When you reach the line below that has "Belum lama ini", start returning lines exactly, and stop after the line that has "Snapshot of OliviaHalley"; skip the pictures.

- - -

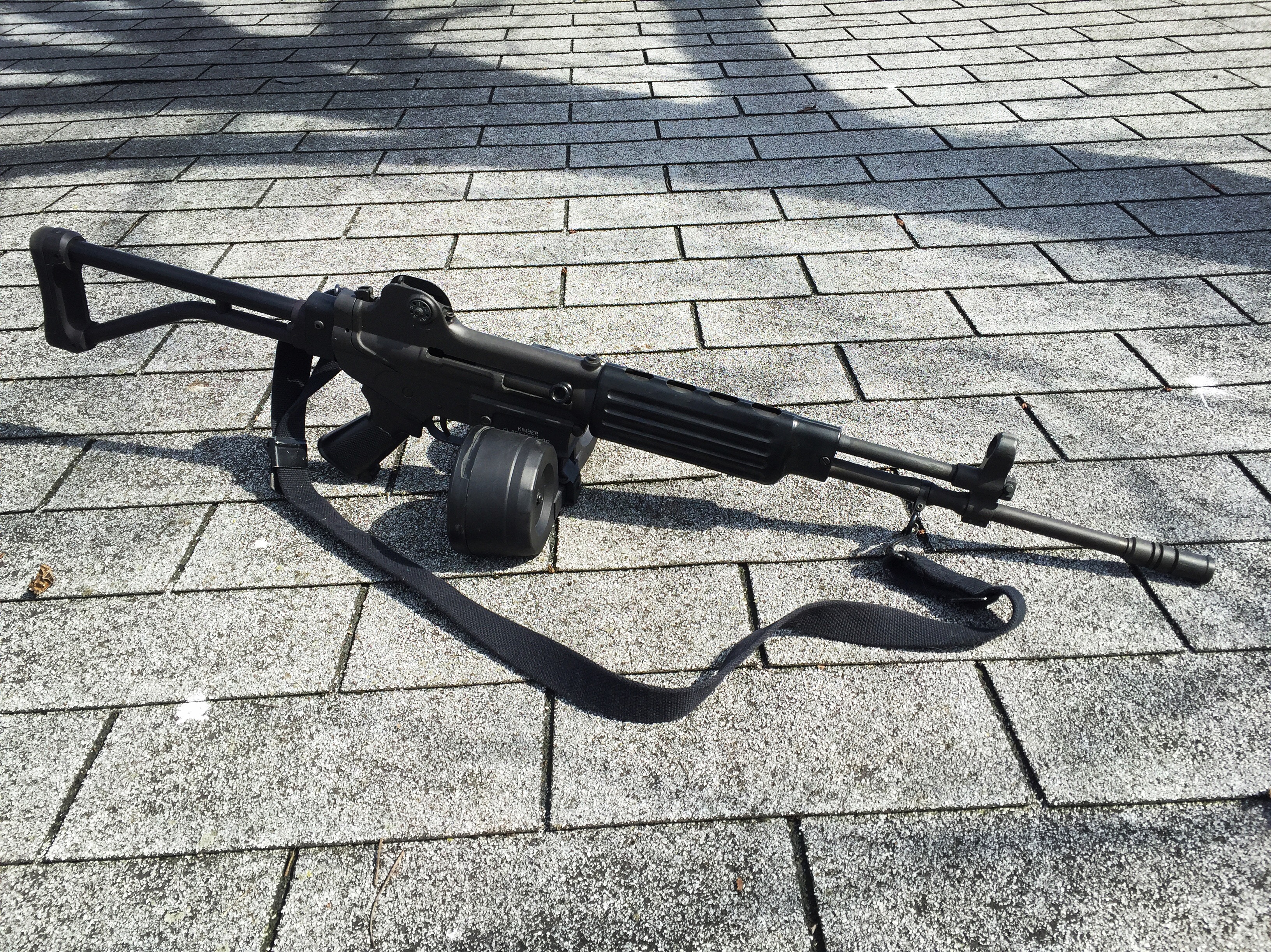 Rooftop Korean : guns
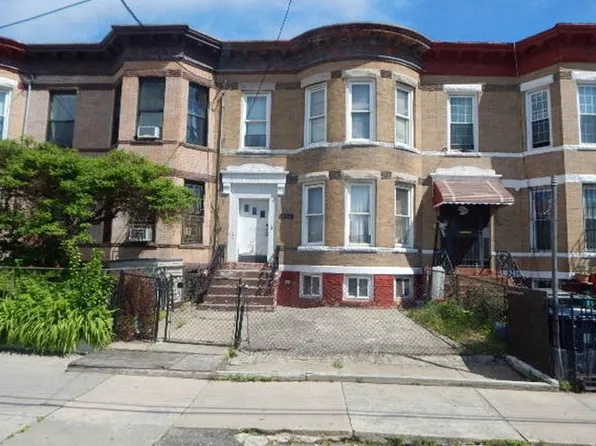 337 Winthrop St, Brooklyn, NY 11225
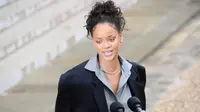 Belum lama ini Rihanna menanggapi komentar fansnya yang tidak mengenakan terkait dengan bentuk tubuhnya. Ia membalas perkataan orang-orang yang mengatakan berta tubuhnya bertambah. (AFP/Christophe Archambault)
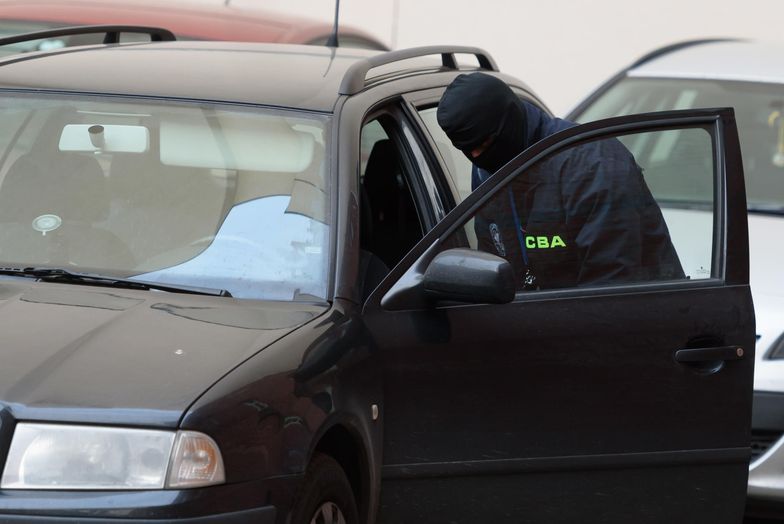 Szereg dziwnych przelewów mieli odkryć pracownicy CBA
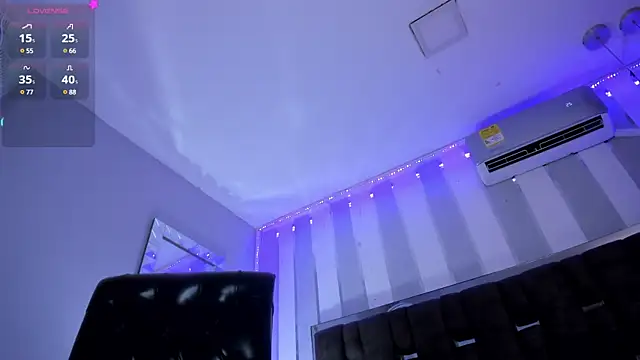 Snapshot of OliviaHalley chatting on March 11, 2025, 4:40 pm OliviaHalley online show from March 11, 2025, 4:40 pm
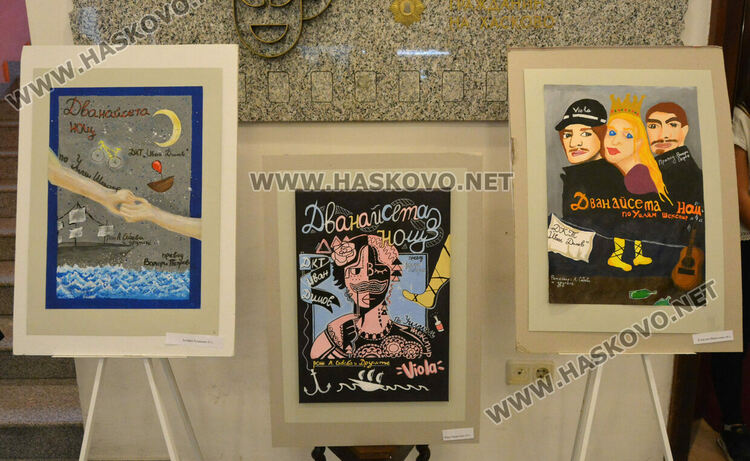 3 млади художнички от „Колорит” със златни билети от театъра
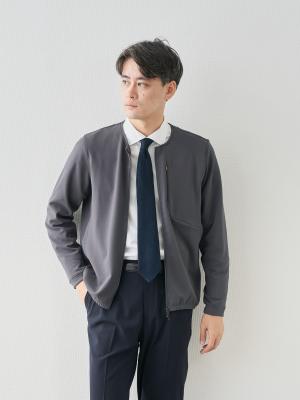 モデル 181cm 71kg ウエスト82cm サイズ L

- - -

**Answer box**.
 Belum lama ini Rihanna menanggapi komentar fansnya yang tidak mengenakan terkait dengan bentuk tubuhnya. Ia membalas perkataan orang-orang yang mengatakan berta tubuhnya bertambah. (AFP/Christophe Archambault)
 Szereg dziwnych przelewów mieli odkryć pracownicy CBA
 Snapshot of OliviaHalley chatting on March 11, 2025, 4:40 pm OliviaHalley online show from March 11, 2025, 4:40 pm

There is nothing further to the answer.